The EU needs an honest assessment of its capabilities and to set limited goals behind which member states can show sustainable unity.
“The road back to European power”, is published after the European Council’s green-light for stage two of Federica Mogherini’s global strategy review, a review that ECFR experts support and have long called for. They assert that the EU can still act effectively in protection of its interests and values -- provided that it is severely realistic in its approach.
To this end, it recommends a strict prioritisation of the challenges Mogherini highlights in her report, with Russia and the Ukraine conflict and crises in the Middle East and North Africa as immediate priorities. To deal with the potential weaknesses of Europe’s internal dynamics of sometimes coinciding, sometimes clashing national interests, it recommends the creation of a group of member state representatives, who can act as an ‘intergovernmental convention’to map member state interests over the coming year.
The paper also recommends a number of key structural and political changes including:
- a prioritised human rights/rule of law agenda for each regional strategy, and notably with China, in order to ensure the ‘values’ element is a clear part of overall European strategy. Where cooperation is required with violators, the EU should avoid the ‘endorsement trap’ : making clear that while we will need to co-operation will be on a transactional basis
- a new division of labour in transatlantic relations whereby the EU plays as central a role in security relations as NATO, and in which Europe’s larger states – notably Germany – take on greater responsibility within the alliance.
On the eastern neighbourhood and Russia, the paper recommends:
- a supportive approach towards the eastern neighbourhood – bolstering their security and economic independence.
- ‘tough love’ – twin tracks of sanctions and outreach towards Russia, making it clear that we want a functioning long-term relationship but one that doesn’t undermine our values.
On the Middle East and North Africa, the paper recommends:
- supporting regional actors taking responsibility for their neighbourhood, but engage in de escalatory diplomacy where we can add value.
- targeting our limited aid where we can make a difference: on states so far less embroiled in the regional turmoil to ensure that they are not pulled further in i.e. Jordan, Lebanon, Morocco and Tunisia
On Africa, the paper recommends
- developing a Euro-African framework for security cooperation in dealing with terrorist groups.
- targeting European aid to support crisis prevention, governance and the rule of law in the continent’s most fragile states, including Liberia, Sierra Leone and Guinea
Susi Dennison, co-author of “The road back to European power” and co-director of ECFR’s European Power programme, said:
“In 2003, Europe was a success story, epitomised by the famous claim 'Europe has never been so prosperous, so secure nor so free'. The rest of the world seemed anxious to emulate us and liberal democracy looked set to spread around the globe.
“In 2015, such optimism is a distant dream. Beset by economic and political travails, the EU and its member states have become anxious, and introverted. Crises burn on Europe’s borders and policy makers are increasingly aware how much global power has leached away from Europe.
“Europe’s global strategy must reflect this new reality.
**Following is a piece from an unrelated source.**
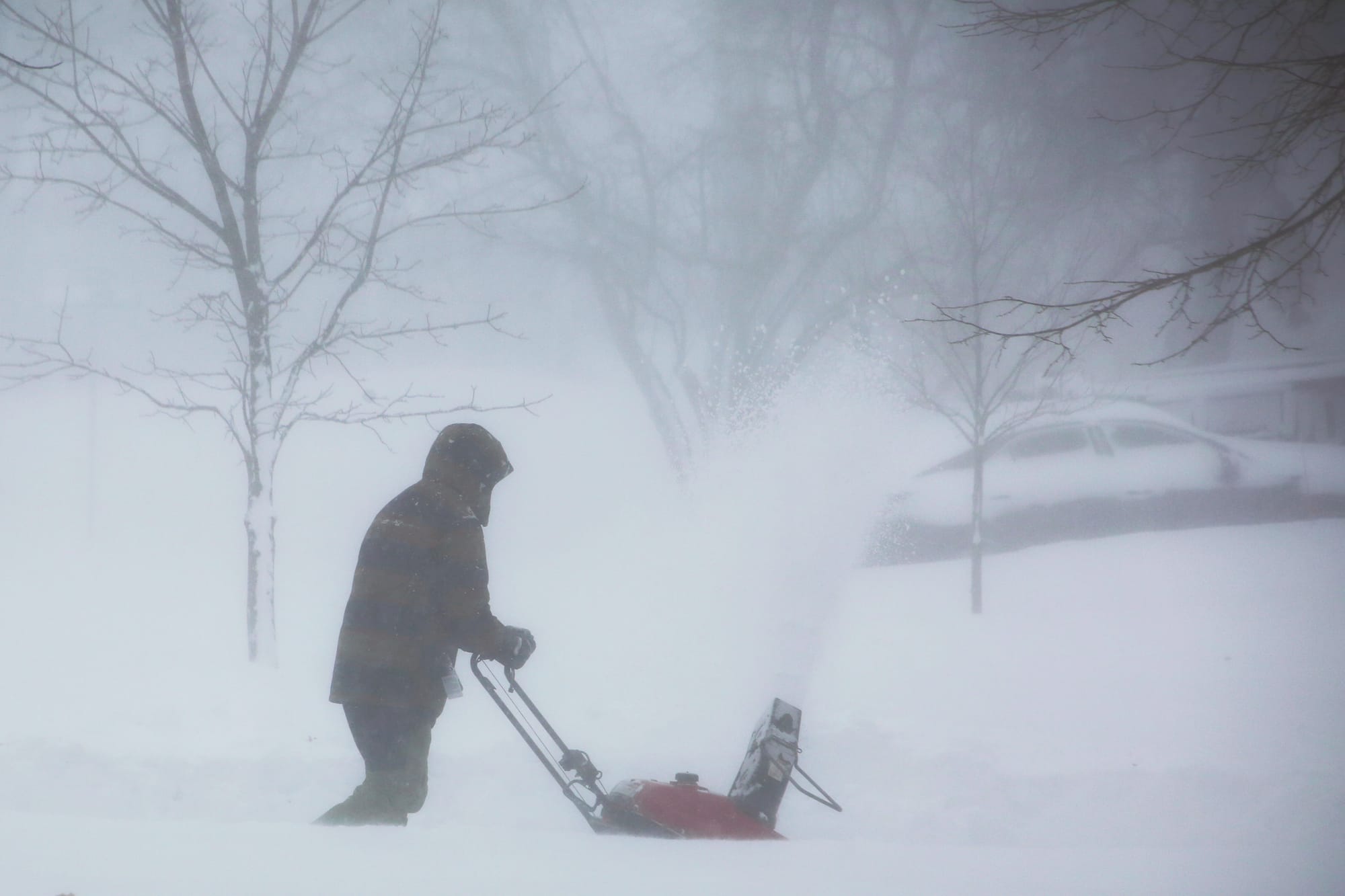 A person clears snow as a winter storm rolls through Western New York Saturday, Dec. 24, 2022, in Amherst N.Y. A battering wi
We cannot go on as we have done, aspiring to a leading role and falling short of this when confronted with our new place in the international system.
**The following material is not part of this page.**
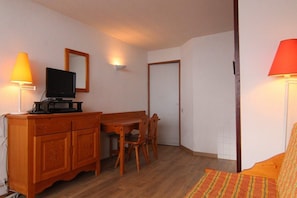 A small, cozy room with a wooden dining table and chairs, a television on a cabinet, and two lamps.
“Europe still has a strong range of tools at its disposal – diplomatic, developmental, security and economic – and the possibility of adding more military and cyber capabilities to its arsenal. But it will need all member states to come together, determine their shared priorities and assess the prospects for effective action in order for them to be properly deployed”
The European Council on Foreign Relations does not take collective positions. This paper, like all publications of the European Council on Foreign Relations, represents only the views of its authors.